Elliott, Charles, 1792-1869
Elliot was born in County Donegal near Killybegs, Ireland. He converted from Roman Catholicism to Methodism in 1811, and in 1813 he became a licensed local preacher. When he was denied admission to the University of Dublin due to his religious beliefs, he pursued his studies privately, and in 1814 he emigrated to western Pennsylvania with his family. He served as a missionary with the Wyandot tribe for the Methodist Episcopal church in the 1820's, and this experience was documented in his book, Indian Missionary Reminiscences. Elliot's academic career included serving as professor of languages at the Methodists' Madison College in Uniontown, Pennsylvania from 1827 - 1831 and professor of biblical literature and later president of Iowa Wesleyan College. He was successful as an editor of Methodist publications, editing the Pittsburgh Conference Journal (1833 - 1848) and the Western Christian Advocate (1836 - 1848, 1852 - 1856), and the St. Louis-based Central Christian Advocate (1860 - 1864).

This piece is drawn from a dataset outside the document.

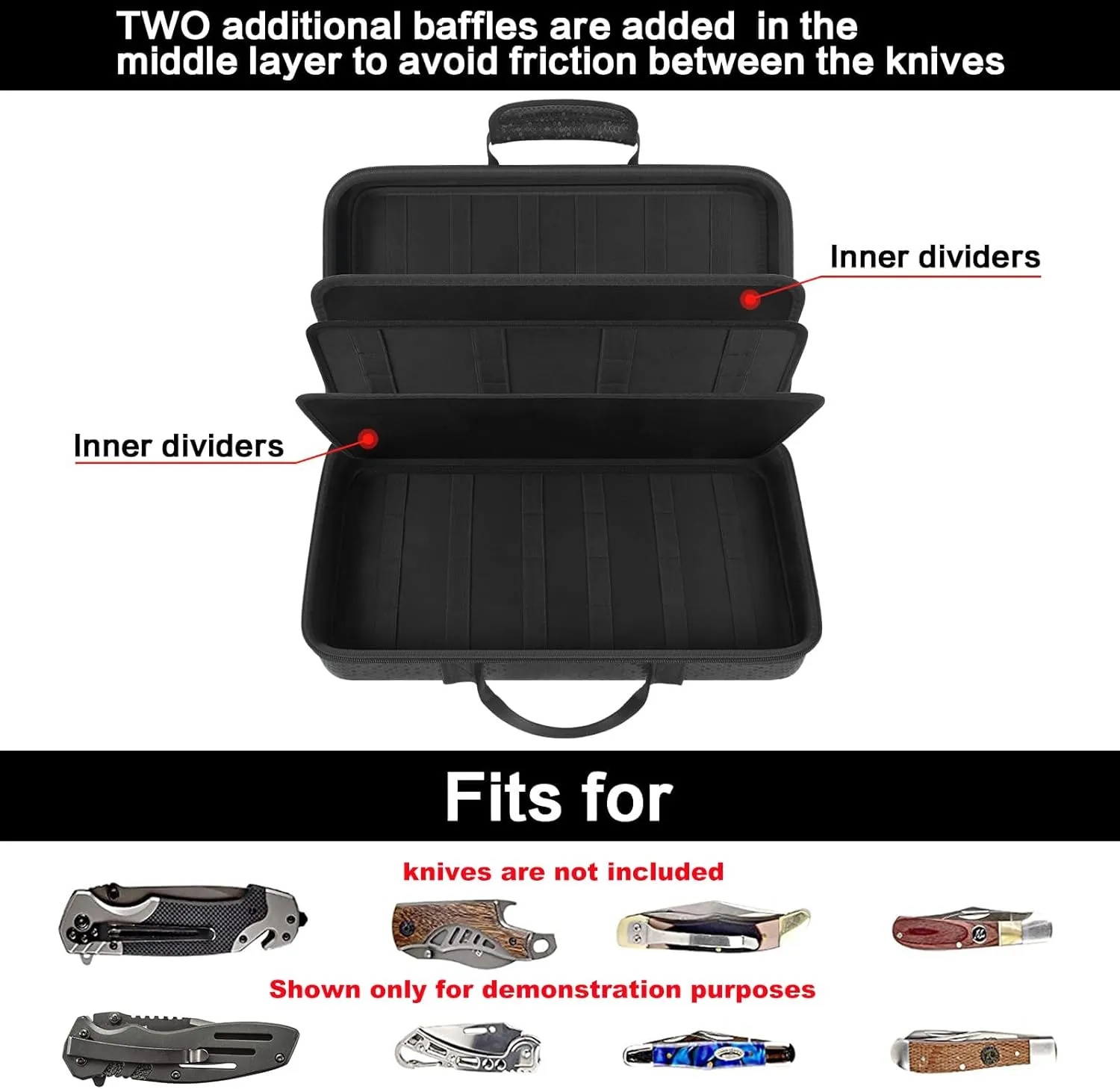 Knife Display Case for 64  Pocket Knives, Folding Knives Cases for Collections, Butterfly Knife Storage Bag Holder Roll Organizer for Survival, Tactical, Outdoor, Kitchen, EDC Mini Knife- Black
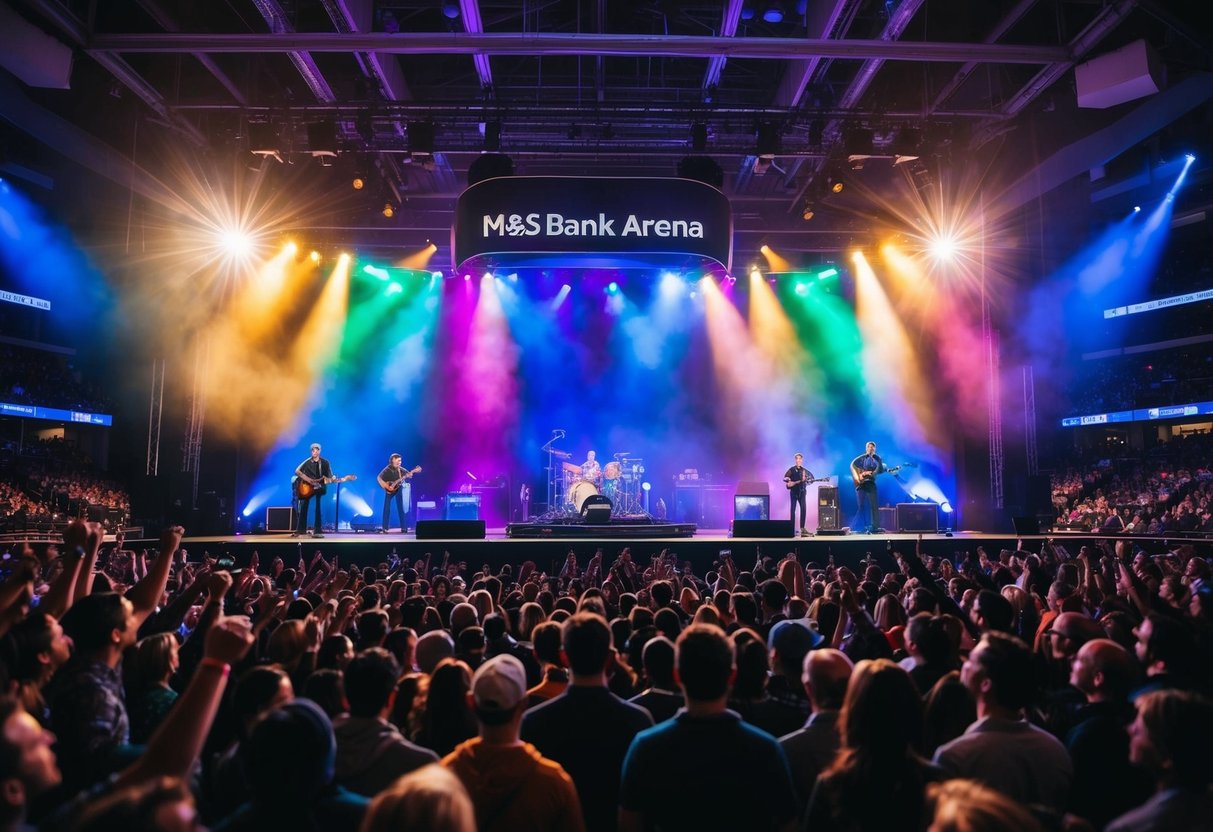 Crowd cheering, colorful lights, and a stage with musicians performing at M&S Bank Arena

Considering Elliot's youthful conversion from Protestantism, it is not surprising that he called for the reformation of the Catholic church in his book, Delineation of Roman Catholicism. He even served as a missionary to Rome in hopes of initiating change. Elliot also engaged in debates over the establishment of denominational seminaries which he believed were contradictory to apostolic example. When the issue of slavery became a controversy that split the Methodist Episcopal Church, Elliot, initially, attempted to find a moderate antislavery position by endorsing gradual emancipation through the colonization of freed slaves back to Africa. He encouraged slave masters to educate their slaves in Christian principles and treat them according to such principles. While he criticized abolitionists' sweeping condemnation of the character of all slave owners, he also opposed appointing slave owners to the church's episcopacy. In 1855, Elliot published A History of the Great Secession from the Methodist Episcopal Church in which he defended the antislavery position of northern Methodists. He elaborated this position in Sinfulness of American Slavery (1850) and The Bible and Slavery (1857).
The preface of Indian Missionary Reminiscences tells how the idea for the book came into being. While Elliot was a missionary at Upper Sandusky in 1822, he kept a daily journal of events. When he began editing the Pittsburgh Conference Journal, he shared some of these missionary experiences with friends in the printing office who requested that he write and publish the narratives. These narratives were then collected into the Sunday School book. The Reminiscences relate how John Steward, "the coloured man and apostle of the Wyandots" (7) dreamed that a Native American man and woman invited him to preach to their people (8). Steward ignored the invitation and became very ill. In his suffering, he prayed and promised that if he became well again, he would become a missionary to the Wyandot tribe and preach the Methodist faith. The story follows that John Steward (always referred to as the colored man) convinces the suspicious chief, Between-the-Logs, to convert to Christianity. He struggled to overcome Catholic prejudices among the Wyandot tribe and remained with the tribe for seven years before his death. The reminiscences continue to follow the history of the Wyandot tribe's conversion to Christianity (44). In August of 1822, a delegation of three chiefs attended the Marietta conference where they expressed their gratitude to the school and mission. The story of Elliot's own experiences with the Wyandot tribe begins in "Reminiscence VII" (46), and consists mostly of journal entries, arranged by date and varying from a collection of sentence fragments to lengthy descriptions. These entries concern the progress of the missionary school (78) and accounts of the young students (94). Elliot also describes the tribal life, the Wyandot language, and rituals such as marriage: "In the pagan state, marriage among the Wyandots could scarcely be said to exist. Their custom was, for a man and a woman to live together as long as one or both were agreed. But when either party was displeased with the other, or when a more desirable connection could be formed, then they parted" (111). The final reminiscence describes the "efficacy of the Gospel in commencing and completing civilization" (186). Elliot offers such proof as, "The attempts to civilize men without the aid of religion have entirely failed of success" (186).
McKivigan, John R. "Elliot, Charles." American National Biography. Vol. 7. Eds. John A. Garraty and Mark C. Carnes. New York: Oxford, 1999, 425 - 426.
Buckley, James M. A History of Methodism in the United States, 1898.
Haselmayer, Louis A. The Presidents of Iowa Wesleyan College. 1967.
Mathews, Donald G. Slavery and Methodism: A Chapter in American Morality, 1965, 1780 - 1845.